### Task item
The first line of the entries below, the line containing "Pavilions Weekly Ad from September 3", and every line between them should be repeated exactly, and nothing else.

[Caption-style text data]
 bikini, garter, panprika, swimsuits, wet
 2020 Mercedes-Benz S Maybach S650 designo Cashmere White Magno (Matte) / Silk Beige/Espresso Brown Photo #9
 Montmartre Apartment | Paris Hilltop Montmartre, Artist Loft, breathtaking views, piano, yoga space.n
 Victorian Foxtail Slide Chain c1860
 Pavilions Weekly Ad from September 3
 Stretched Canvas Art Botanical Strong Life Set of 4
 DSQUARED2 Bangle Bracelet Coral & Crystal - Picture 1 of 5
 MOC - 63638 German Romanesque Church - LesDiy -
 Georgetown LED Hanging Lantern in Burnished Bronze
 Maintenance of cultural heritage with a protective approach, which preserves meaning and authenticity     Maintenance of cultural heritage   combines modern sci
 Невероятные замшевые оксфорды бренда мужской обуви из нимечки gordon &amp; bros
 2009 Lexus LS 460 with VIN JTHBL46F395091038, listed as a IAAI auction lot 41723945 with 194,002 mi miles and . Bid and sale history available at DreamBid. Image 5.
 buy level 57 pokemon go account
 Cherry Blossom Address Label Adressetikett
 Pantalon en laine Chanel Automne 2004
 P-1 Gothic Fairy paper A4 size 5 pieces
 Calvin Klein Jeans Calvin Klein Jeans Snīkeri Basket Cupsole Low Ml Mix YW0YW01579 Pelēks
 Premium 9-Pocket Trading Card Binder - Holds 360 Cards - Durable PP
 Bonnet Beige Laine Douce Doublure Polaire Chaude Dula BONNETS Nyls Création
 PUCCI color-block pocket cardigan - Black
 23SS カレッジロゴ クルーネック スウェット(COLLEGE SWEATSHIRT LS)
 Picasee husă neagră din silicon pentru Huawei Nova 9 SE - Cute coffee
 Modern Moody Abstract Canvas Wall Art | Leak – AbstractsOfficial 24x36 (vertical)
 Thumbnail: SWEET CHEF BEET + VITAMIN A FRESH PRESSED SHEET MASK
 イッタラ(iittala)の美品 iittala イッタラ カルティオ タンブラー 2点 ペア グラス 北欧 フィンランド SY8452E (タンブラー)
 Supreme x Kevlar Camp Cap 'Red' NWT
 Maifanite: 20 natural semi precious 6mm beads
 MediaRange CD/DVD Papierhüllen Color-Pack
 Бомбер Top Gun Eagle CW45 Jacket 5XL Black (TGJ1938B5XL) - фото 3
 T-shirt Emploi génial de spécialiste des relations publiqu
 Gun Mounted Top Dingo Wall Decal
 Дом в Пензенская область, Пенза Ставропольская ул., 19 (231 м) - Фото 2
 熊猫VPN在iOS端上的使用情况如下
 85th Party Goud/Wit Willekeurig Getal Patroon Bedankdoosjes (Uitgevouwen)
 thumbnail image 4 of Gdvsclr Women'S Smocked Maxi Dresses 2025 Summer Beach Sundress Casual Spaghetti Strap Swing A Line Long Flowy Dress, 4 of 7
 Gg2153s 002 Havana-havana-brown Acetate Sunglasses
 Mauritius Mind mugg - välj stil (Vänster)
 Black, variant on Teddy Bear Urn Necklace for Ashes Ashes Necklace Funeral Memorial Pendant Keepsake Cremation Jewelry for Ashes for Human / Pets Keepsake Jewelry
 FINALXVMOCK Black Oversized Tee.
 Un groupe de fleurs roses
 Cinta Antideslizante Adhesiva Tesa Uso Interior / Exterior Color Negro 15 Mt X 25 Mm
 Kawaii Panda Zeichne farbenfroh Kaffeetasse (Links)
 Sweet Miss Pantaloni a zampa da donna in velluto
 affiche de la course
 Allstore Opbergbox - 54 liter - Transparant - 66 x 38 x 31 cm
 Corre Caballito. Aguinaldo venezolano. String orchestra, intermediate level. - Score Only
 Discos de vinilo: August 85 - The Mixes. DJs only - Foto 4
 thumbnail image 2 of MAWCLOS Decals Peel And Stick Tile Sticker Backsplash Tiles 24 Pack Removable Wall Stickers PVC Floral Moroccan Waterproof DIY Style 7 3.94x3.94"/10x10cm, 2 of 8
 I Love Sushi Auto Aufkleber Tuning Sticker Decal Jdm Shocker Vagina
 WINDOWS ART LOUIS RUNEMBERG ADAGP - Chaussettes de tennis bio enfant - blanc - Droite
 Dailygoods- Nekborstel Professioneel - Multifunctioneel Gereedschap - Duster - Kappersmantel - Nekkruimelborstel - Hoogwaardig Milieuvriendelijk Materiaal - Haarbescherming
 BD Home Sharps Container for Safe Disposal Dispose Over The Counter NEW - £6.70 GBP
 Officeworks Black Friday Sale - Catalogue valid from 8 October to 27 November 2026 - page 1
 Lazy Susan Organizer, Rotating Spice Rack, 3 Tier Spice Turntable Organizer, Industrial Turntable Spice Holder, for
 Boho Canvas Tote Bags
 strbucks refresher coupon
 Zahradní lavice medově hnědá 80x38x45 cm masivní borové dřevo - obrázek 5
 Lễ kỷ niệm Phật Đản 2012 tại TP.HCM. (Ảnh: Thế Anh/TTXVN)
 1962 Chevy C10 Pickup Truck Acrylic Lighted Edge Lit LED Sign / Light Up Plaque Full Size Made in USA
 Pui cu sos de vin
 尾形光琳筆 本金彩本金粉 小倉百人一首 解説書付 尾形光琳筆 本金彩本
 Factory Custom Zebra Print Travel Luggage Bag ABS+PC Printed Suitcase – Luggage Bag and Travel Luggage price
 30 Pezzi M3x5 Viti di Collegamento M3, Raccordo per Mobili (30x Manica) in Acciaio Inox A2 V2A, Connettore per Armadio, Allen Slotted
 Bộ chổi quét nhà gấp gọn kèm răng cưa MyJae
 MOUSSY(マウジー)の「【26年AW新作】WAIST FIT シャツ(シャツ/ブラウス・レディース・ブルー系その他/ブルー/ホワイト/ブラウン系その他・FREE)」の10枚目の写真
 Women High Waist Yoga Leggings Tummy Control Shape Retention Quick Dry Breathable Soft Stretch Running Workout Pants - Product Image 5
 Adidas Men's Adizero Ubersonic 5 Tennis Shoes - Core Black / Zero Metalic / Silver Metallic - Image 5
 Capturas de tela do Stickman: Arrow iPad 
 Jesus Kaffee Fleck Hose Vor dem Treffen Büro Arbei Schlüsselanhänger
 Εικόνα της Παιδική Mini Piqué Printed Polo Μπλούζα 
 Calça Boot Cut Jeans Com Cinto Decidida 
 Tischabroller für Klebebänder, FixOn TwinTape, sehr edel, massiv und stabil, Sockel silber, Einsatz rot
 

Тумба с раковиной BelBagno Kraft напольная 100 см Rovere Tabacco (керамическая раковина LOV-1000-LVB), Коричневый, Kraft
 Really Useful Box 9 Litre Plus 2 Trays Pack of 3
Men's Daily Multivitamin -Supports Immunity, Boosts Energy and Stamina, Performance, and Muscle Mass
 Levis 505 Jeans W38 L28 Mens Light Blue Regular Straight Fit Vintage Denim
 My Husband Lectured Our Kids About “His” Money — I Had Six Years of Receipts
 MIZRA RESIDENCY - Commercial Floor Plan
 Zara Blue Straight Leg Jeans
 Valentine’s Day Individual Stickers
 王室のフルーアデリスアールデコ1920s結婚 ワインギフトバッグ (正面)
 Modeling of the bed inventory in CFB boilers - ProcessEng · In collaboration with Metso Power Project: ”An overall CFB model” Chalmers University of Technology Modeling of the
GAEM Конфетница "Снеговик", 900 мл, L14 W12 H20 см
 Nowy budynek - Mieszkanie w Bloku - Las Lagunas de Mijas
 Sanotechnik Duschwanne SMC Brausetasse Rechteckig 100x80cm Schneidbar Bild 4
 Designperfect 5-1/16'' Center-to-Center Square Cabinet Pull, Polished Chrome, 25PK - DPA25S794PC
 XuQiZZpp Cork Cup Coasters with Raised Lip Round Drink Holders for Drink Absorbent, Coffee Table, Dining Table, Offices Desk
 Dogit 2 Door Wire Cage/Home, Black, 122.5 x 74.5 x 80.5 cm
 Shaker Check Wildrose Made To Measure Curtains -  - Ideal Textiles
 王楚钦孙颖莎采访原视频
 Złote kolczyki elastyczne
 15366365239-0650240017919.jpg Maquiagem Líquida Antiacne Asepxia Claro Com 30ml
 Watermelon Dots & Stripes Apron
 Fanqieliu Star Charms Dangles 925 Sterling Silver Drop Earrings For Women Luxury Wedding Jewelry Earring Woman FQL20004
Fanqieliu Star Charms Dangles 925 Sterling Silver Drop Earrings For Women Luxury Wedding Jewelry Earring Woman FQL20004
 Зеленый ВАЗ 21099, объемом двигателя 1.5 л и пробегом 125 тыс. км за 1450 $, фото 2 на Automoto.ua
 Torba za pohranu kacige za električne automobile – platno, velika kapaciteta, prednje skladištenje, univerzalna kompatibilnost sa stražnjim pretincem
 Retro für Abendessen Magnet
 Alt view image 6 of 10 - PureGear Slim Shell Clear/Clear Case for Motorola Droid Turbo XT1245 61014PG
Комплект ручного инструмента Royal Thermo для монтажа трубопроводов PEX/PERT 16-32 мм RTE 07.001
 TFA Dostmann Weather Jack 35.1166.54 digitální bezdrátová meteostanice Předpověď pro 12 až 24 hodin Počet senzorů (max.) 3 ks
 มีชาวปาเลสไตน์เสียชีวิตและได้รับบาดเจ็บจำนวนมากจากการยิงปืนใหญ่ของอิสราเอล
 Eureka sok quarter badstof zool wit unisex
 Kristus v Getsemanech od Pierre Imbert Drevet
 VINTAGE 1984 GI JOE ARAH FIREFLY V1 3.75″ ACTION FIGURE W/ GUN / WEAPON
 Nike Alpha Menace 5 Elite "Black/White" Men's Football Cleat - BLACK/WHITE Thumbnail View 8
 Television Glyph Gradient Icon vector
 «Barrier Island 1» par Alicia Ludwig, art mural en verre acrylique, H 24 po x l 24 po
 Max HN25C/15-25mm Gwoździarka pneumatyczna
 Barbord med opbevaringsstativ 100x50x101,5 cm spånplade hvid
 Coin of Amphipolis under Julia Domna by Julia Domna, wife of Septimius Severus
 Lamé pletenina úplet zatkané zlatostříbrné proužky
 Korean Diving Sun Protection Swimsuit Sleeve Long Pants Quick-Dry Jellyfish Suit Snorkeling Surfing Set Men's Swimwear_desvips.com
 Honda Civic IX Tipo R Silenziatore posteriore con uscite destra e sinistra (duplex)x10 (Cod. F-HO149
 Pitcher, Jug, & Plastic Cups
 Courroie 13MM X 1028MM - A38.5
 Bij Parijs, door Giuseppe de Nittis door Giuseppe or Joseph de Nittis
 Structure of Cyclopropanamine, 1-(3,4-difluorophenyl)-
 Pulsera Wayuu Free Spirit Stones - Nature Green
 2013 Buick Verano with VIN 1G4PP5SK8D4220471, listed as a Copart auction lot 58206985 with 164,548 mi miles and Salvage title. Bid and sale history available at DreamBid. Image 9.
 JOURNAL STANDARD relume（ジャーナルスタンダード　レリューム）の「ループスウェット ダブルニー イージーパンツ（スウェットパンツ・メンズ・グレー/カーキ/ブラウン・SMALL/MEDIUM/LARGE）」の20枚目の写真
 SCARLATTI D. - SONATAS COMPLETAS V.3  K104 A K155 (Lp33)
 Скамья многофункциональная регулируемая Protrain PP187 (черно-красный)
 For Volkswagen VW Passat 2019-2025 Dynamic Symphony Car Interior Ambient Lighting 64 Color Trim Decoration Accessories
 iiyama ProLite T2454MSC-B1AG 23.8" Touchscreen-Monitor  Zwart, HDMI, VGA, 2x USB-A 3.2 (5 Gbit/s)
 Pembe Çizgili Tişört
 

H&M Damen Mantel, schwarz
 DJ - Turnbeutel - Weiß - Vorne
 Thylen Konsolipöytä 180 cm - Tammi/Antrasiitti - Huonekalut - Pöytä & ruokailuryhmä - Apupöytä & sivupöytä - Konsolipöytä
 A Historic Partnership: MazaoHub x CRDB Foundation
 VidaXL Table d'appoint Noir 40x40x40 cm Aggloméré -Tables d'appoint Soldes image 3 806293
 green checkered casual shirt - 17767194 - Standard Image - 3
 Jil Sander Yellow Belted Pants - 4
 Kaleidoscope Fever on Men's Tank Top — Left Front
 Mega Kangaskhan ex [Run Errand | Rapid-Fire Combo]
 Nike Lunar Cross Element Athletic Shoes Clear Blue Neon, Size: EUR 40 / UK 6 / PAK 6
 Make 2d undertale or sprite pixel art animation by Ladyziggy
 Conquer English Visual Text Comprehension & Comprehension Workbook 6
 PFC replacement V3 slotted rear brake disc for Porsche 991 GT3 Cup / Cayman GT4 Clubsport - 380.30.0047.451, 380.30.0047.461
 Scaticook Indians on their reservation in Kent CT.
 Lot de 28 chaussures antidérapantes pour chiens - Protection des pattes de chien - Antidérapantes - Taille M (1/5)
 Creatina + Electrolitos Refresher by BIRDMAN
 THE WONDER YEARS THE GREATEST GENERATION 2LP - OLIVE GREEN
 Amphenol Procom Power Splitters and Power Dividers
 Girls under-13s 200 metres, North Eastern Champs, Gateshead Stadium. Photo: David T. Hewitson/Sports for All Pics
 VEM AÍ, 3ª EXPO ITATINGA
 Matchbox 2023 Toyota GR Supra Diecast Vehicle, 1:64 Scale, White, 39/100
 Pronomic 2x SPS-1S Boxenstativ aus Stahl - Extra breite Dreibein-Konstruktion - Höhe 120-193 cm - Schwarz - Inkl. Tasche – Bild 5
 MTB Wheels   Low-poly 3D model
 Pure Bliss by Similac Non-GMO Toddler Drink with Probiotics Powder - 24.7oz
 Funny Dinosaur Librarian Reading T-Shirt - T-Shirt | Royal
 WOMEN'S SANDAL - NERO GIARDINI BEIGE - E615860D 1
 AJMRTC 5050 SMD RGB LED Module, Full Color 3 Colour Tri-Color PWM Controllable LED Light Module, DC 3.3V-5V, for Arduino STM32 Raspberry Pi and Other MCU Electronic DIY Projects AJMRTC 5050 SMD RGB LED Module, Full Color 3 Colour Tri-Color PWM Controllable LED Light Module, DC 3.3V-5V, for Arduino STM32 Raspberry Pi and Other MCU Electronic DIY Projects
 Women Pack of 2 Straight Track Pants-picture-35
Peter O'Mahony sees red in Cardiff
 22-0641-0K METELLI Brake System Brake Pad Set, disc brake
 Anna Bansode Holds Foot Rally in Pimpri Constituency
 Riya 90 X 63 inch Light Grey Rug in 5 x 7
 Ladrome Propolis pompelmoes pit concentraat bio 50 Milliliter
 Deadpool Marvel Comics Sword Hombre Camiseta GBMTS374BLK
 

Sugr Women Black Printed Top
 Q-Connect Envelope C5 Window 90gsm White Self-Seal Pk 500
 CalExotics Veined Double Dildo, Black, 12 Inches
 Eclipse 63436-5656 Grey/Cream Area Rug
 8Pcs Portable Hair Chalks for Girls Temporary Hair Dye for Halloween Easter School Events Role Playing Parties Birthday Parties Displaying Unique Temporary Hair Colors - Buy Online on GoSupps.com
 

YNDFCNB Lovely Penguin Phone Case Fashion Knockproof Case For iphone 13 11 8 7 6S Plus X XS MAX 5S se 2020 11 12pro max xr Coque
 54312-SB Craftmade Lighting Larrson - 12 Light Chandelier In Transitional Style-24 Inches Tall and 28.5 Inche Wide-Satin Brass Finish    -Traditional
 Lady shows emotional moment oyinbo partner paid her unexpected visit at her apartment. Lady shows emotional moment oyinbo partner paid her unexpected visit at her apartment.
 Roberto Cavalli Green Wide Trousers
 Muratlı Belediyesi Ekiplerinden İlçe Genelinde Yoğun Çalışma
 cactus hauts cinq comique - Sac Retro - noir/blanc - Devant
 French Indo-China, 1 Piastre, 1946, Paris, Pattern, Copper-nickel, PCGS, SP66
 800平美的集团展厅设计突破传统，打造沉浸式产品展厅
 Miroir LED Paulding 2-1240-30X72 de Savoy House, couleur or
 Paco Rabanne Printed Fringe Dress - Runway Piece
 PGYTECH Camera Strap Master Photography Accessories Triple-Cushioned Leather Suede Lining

### Answer to this problem
 bikini, garter, panprika, swimsuits, wet
 2020 Mercedes-Benz S Maybach S650 designo Cashmere White Magno (Matte) / Silk Beige/Espresso Brown Photo #9
 Montmartre Apartment | Paris Hilltop Montmartre, Artist Loft, breathtaking views, piano, yoga space.n
 Victorian Foxtail Slide Chain c1860
 Pavilions Weekly Ad from September 3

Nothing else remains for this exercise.